Logo no início do texto de apresentação de sua antologia, Roberto Causo alerta: “A ficção científica é a literatura esquecida do século 20, no Brasil. Poucos se lembram de que algumas das figuras mais importantes das letras nacionais a exercitaram. Uma das razões do esquecimento talvez esteja no fato de que muitas dessas aventuras no terreno da literatura da mudança se constituíam em textos menores, dentro da obra dos grandes nomes”. Monteiro Lobato, Menotti del Picchia, Erico Verissimo e Lygia Fagundes Telles são, por exemplo, quatro desses grandes nomes. Mas o século 20 já passou. Para que neste século 21 nossa ficção científica não continue restrita apenas à periferia esquecida da literatura brasileira, algo precisa ser feito. Algo bastante criativo. Alguma sugestão?
Requiescat in pace
Existem duas formas de se morrer: a convencional e a da ficção científica. Na maneira convencional, o amálgama mente-corpo volta ao pó. Na maneira da ficção científica, esse amálgama atravessa portais. Morreu Arthur C. Clarke, infelizmente da maneira convencional. Do pó ao pó. Onde estão as sentinelas monolíticas que ele tão bem descreveu? 2001 já ficou para trás, ainda não fizemos contato com as civilizações espalhadas pelos bilhões de galáxias existentes, ainda não fomos ameaçados por nenhuma inteligência artificial e morreu Arthur C. Clarke. E com ele boa parte da grande ficção científica anglófona.

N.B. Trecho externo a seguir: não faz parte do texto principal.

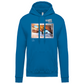 Sweatshirt Kariban com Capuz Algar de Benagil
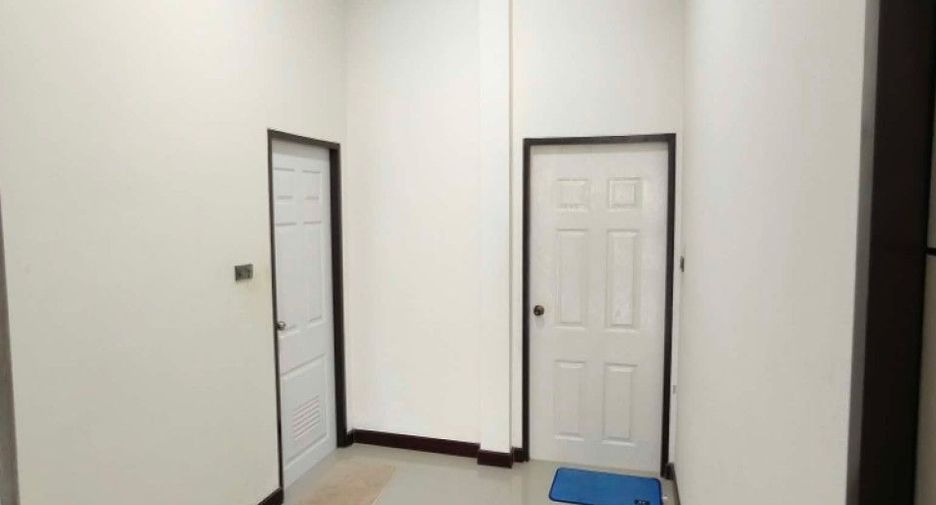 For sale 3 bedrooms house in Photharam, Ratchaburi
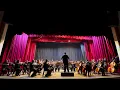 "FROM THE OLD WORLD" (PREMIERE) - Gabriel Iwasaki & Orquesta Sinfónica de Arequipa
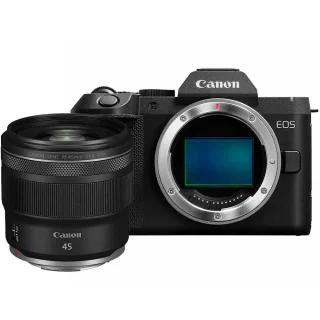 Canon EOS R8 Mark II + RF 45mm F1.2 STM kit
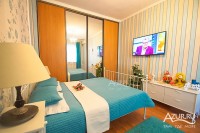 Геленджик 2019 -  - Гостевой дом «Батур»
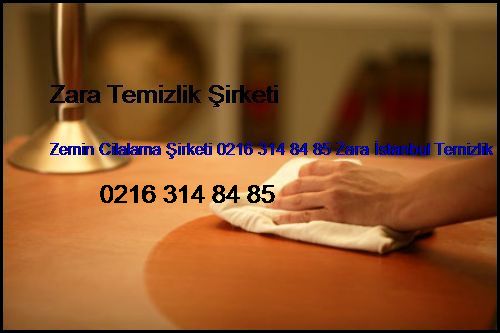 Burhaniye Zemin Cilalama Şirketi 0216 365 15 58 Zara İstanbul Temizlik Firması Burhaniye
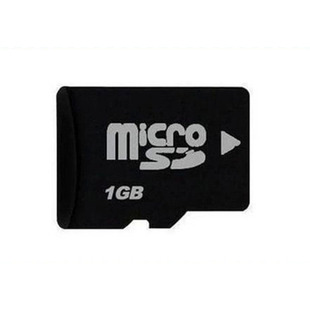 全新SD卡 TF卡 mico 内存卡128M TF卡 低速卡 语音配套 飞音雲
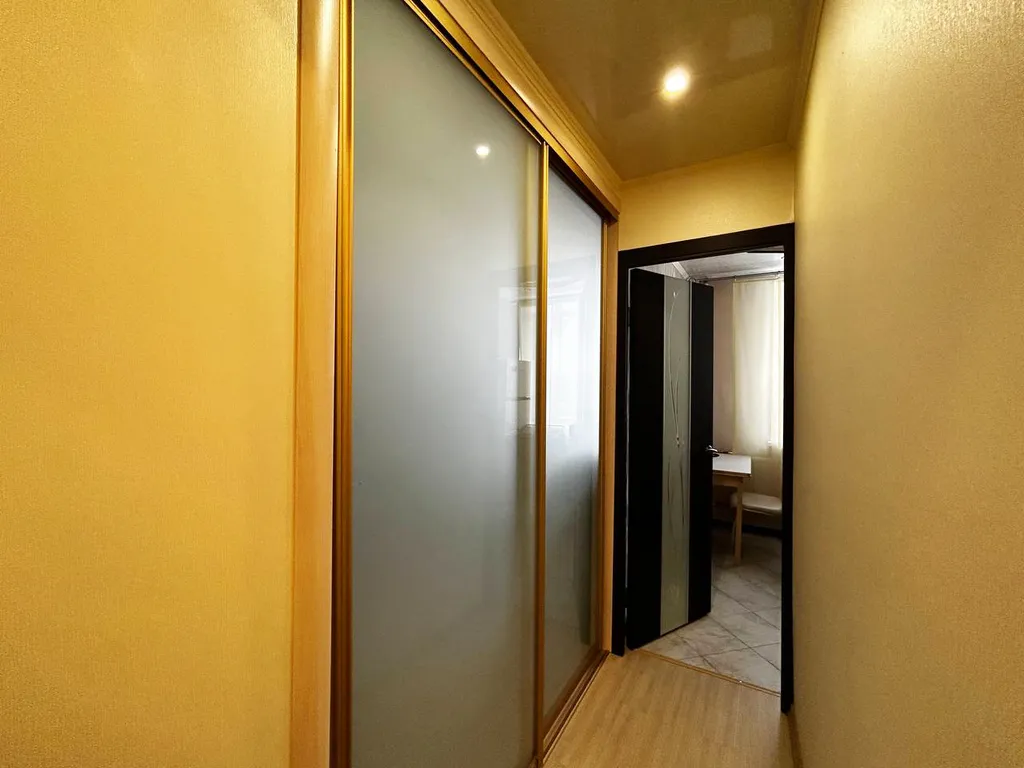 Северные апартаменты комфорт-класса рядом с центром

Antes, já havia morrido Isaac Asimov. Dois autores que, quando eu tinha dezessete anos, pareciam fisicamente imortais. Dois dos três ficcionistas de língua inglesa — Ray Bradbury talvez seja mesmo imortal — que mexeram com a minha fantasia adolescente. Morreu Arthur C. Clarke e com ele parte da superconsciência de HAL 9000, porque até mesmo os grandes romances não se mantêm intactos com a morte de seu autor. O ficcionista que somou à alta tecnologia a mística do Oriente parecia destinado a vencer, ao menos para o adolescente mergulhado na década de 80, os portais estelares que ele mesmo ajudou a criar no espaço profundo e na mentalidade dos leitores do século 20. Mas a morte foi mais rápida e venceu-o. Da mesma maneira que venceu Stanley Kubrick. Da mesma maneira que venceu Richard Strauss e Nietzsche. Esses três, os melhores parceiros que Clarke poderia ter desejado na intensa, subjetiva, vaga e silenciosa releitura audiovisual de seu romance mais celebrado.
Morreu Arthur C. Clarke, sua mente e seu corpo estão retornando ao pó e ainda não cruzamos com as sentinelas de três milhões de anos, que ele tão bem descreveu. Mas a morte convencional não é para quem vai, é para quem fica. Em qualquer velório também morremos todos nós, virtualmente. E, macacos letrados, ainda continuaremos a morrer convencionalmente por muito tempo. Até o dia em que a nossa brutal infância finalmente chegue ao fim. Talvez em 2000000000001. Nesse dia, distante de nossa origem simiesca, seguindo a trilha sinalizada pela obra do escritor inglês, deixaremos de retornar ao pó e começaremos a atravessar portais.